On Thu, Sep 05, 2024 at 05:05:29PM +0200, Roberto Sassu wrote:
Good morning, I hope the week is starting well for everyone
Apologies for the delay in getting these thoughts out, scrambling to catch up on my e-mail backlog.
I looped Linus in, secondary to the conversations surrounding the PGP verification infrastructure in the kernel, given that the primary use case at this time appears to be the digest cache and his concerns regarding that use.
Our proposed TSEM LSM, most recent submission here:
https://lore.kernel.org/linux-security-module/20240826103728.3378-1-greg@enj...
Is a superset of IMA functionality and depends heavily on file checksums, hence our interest and reflections in your efforts with this.
From: Roberto Sassu roberto.sassu@huawei.com
Integrity detection and protection has long been a desirable feature, to reach a large user base and mitigate the risk of flaws in the software and attacks.
However, while solutions exist, they struggle to reach a large user base, due to requiring higher than desired constraints on performance, flexibility and configurability, that only security conscious people are willing to accept.
No argument here, inherent in better and more effective security architectures is better useability, pure and simple.

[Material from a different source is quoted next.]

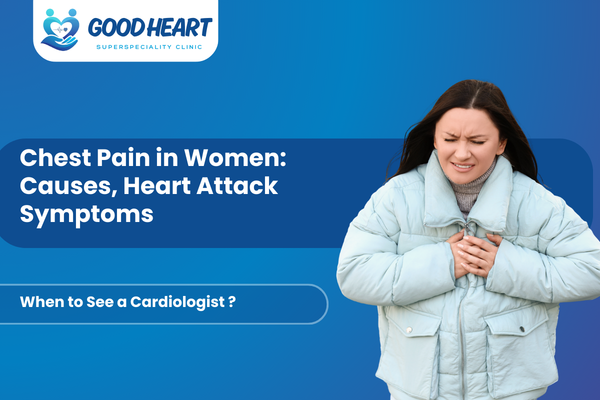 chest pain women treatment in Pune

For example, IMA measurement requires the target platform to collect integrity measurements, and to protect them with the TPM, which introduces a noticeable overhead (up to 10x slower in a microbenchmark) on frequently used system calls, like the open().

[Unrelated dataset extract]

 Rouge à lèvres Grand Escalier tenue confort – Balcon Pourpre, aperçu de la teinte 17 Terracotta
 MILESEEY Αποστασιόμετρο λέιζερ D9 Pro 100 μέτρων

The future for trusted systems will not be in TPM's, as unpopular a notion as that may be in some circles. They represent a design from a quarter century ago that struggles to have relevance with our current system architectures.
If a TPM is present, TSEM will extend the security coefficients for the root modeling namespace into a PCR to establish a root of trust that the rest of the trust orchestration system can be built on. Ours is a worst case scenario beyond IMA since there is a coefficient generated for each LSM call that is being modeled.
We had to go to asynchronous updates through an ordered workqueue in order to have something less than abysmal performance, even with vTPM's running in a Xen hypervisor domain. This is without the current performance impacts being discussed with respect to HMAC based TPM session authentication.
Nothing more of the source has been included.